While String and slice are in the Reflect package, the corresponding structs are Reflect. StringHeader and reflect.sliceHeader, which are run-time representations of String and slice.
type StringHeader struct {
Data uintptr
Len int
}
type SliceHeader struct {
Data uintptr
Len int
Cap int
}
Copy the code
- Memory layout
From the runtime representations of String and Slice, we can see that the Date and Len fields are the same, except that the SilceHeader has an additional Cap field of type int. As a result, their memory layout is aligned, which means that you can translate directly through unsafe.pointer.
[] Byte to String diagram
String to []byte diagram
-
Q&A
Q1. Why do strong conversions perform better than standard conversions?
For standard conversions, either from []byte to String or string to []byte involves a copy of the underlying array. A strong conversion is a direct substitution of Pointers so that string and []byte point to the same underlying array. So, of course, the latter performance will be better.
Q2. In the above test, when x data is large, the standard conversion has a memory allocation operation, resulting in worse performance, but the strong conversion is not affected?
In standard conversion, when the length of data is greater than 32 bytes, new memory needs to be applied through mallocGC before data copy is performed. A strong conversion just changes the pointer to. Therefore, when the conversion data is large, the performance gap between the two will become more obvious.
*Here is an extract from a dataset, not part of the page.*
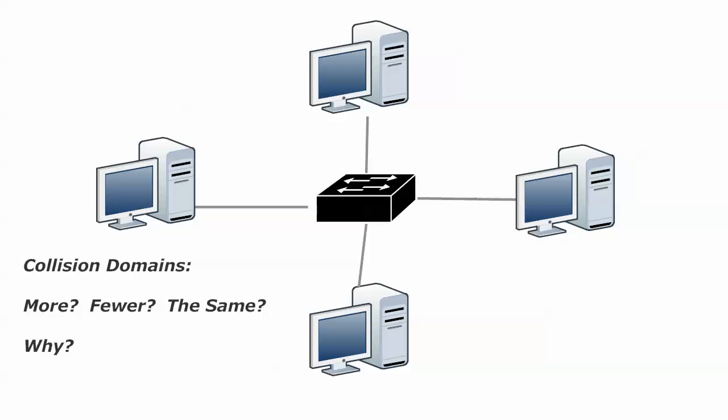It's what we call a shared segment. And if we had repeaters, which of course are level one devices, they wouldn't impact it anyway. But a hub is going to be just one giant collision domain where in this situation where our switch, and that's what that device is in the middle of the diagram, it's a switch.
Q3.if strong conversions perform so well, why does the GO language provide us with standard conversions?
First, we need to understand that Go is a type-safe language, and that the price of security is a compromise of performance. However, performance comparisons are relative, and this performance compromise is minimal with today’s machines. In addition, the way of strong conversion, will bring great security risks to our program.
The following example
a := "hello"
b := String2Bytes(a)
b[0] = 'H'
Copy the code
A is a string, and we said earlier that its value is not modifiable. The underlying array of a is assigned to b by a strong conversion. B is a []byte whose value can be changed, so changing the value of the underlying array will result in a serious error (as as defer+recover).
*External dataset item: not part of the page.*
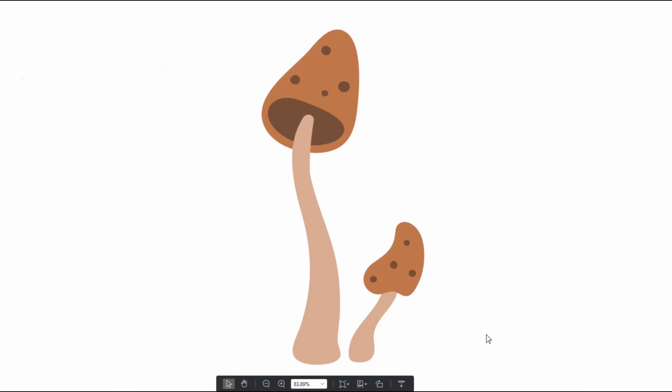What can you tell me about the mushroom on the right? The mushroom on the right is short. It is light. What can you tell me about the mushroom on the left? It is tall. It is heavy.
unexpected fault address 0x10b6139
fatal error: fault
[signal SIGBUS: bus error code=0x2 addr=0x10b6139 pc=0x1088f2c]
Copy the code
Q4. Why are strings designed to be unmodifiable?
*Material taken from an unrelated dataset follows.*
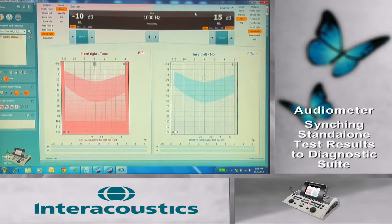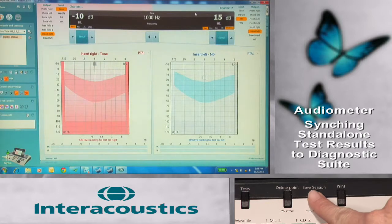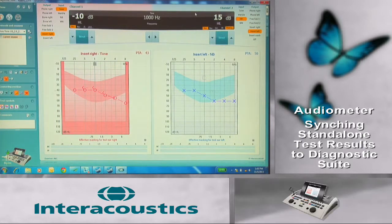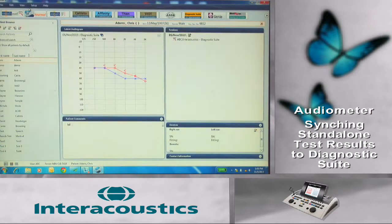Storing of each result to the audiometer must be completed. At the end of the test, press the Save Session button on the audiometer. This will quickly and simply transfer the test session to Diagnostic Suite. Save and exit this session within the software by pressing the Save and Exit icon at the top of the Diagnostic Suite software screen.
I think it’s worth thinking about that. String is not modifiable, meaning it is read-only. The advantage of this is that in concurrent scenarios, we can use the same string multiple times without locking control, without worrying about security while ensuring efficient sharing.
-
Choose the scene
- In situations where you are not sure about the security risks, try to convert data in a standard way.
- Strong conversion can be used when the program has high performance requirements, meets the condition that only read operations are performed on the data, and there are frequent transformations (such as message forwarding scenarios).